Devlet aslında halkın değil belli bir sermaye grubunun kurduğu şirketin adıdır. Bu şirket, bu sermaye grubunun daha çok kazanması ve bireyin de isyan etmesini önlemek amacıyla faaliyet gösterir. Bunu da güvenlik güçleri ve yargısı aracılığıyla yapar…

Sermaye kesimi enerji firmaları, telefon firmaları, bankalar ve diğer alanlarla vatandaşı soyarken, vatandaşı onların zulmünden kurtaracak bir mekanizma bulunmamaktadır.

Eskaza aldığı krediyi veremeyen veya faturalarını ödemeyene devlet efendisi sermaye kesimi adına kolluk kuvvetleri ile ilgili kişiyi yakalar ve yargısı ile te’dip eder…

Devlet, bir avuç elitin ve sermaye kesiminindir. Halk ve vatandaş ise maraba olarak çalışılmasına ihtiyaç duyulan ve üretilen ürünleri tüketmesi için tüketici olarak gerekli olan unsurdur.

Devlet, halk ile devleti karşı karşıya getirmemek için de adını siyaset olarak tanzim ettiği bir ara formülle halkı idare eder. Halk hem sorununun kaynağı hem de çözümün kaynağı olarak bu siyaset kurumunu görürken asıl sahipler tüm eleştirilerden kurtulmuş olur. Sorun büyüdüğünde demokrasi enstrümanı ile devreye girilir ve “İnsanlara yöneticilerinizi değiştirebilir ve yenisini seçebilirsiniz” diye efendilerin bizim için beğenip öne sürdüğü seçeneklerden birisini tercih ederiz ve özgür olduğumuzu düşünür, yöneticilerimizi bile değiştirme kudretine sahip olduğumuzu sanırız. Hatta daha fazla bağırırsak “Buyurun siz yönetin!” diyerek bize yönetme kapısı aralanırken aslında hiçbir şeyin değişmediğini de görmüş oluruz. Güç, İktidar ve muhalefet arasında sürekli dolaşırken muhalefetin de aslında aynı gücün yedek unsuru olduğunu yani aynı takımın yedek oyuncusu olduğunu göremeyiz… Çünkü biz bizim görmemizi istediklerini görürüz.

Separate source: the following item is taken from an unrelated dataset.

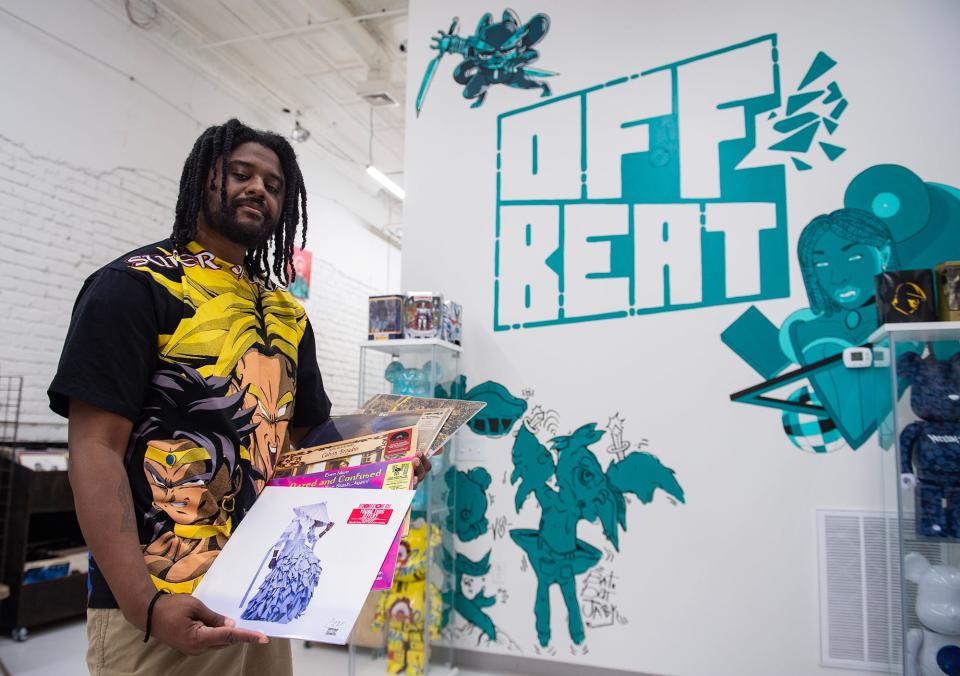 Phillip Rollins, Offbeat owner, holds out some of the Record Store Day vinyls he is most excited for at Offbeat in Jackson, Miss., on Tuesday, April 9, 2024. Rollins is also excited for the Bobby Rush vinyl that will be released, but he has not received that shipment yet.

Algılarla yönetiliriz. Algı üzerine bir yerlere sürükleniriz. Düşünmemizin sınırları bize çizilen kadar olur. Eskaza biraz farklı düşünürsek hemen yapay gündemlerle sorunun asıl noktasını görmemiz uzaklaştırılır. On yıl, yirmi yıl önceki bazı görüşler tedavüle çıkar, din ve vatan elden gidiyor intibasına kapılır ve kutsallarımızı savunma derdine düşerken bizi yönetenlerin küçük bir hamlesi ile tüm gazımız alınmış olur…

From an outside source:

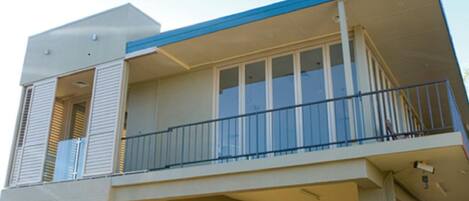 A two-story building with a balcony on the upper floor, large windows, and a flat roof.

Daha da uslanmaz isek minik savaşlar ile terbiye ediliriz. Böylece devlet olmasa yani o efendilerin kurduğu çark olmasa canımızın, namusumuzun ve dinimizin de kıymetinin olmadığını bu nedenle devlete itaat eden köleler olmamız gerektiğini anlarız. Savaş zamanında hamasi nutuklarla can veririz ve vatan için mücadele ederken aslında “vatanın savaş zamanında fakirlerin, barış zamanında efendilerin (zenginlerin) olduğunu” görmeyiz…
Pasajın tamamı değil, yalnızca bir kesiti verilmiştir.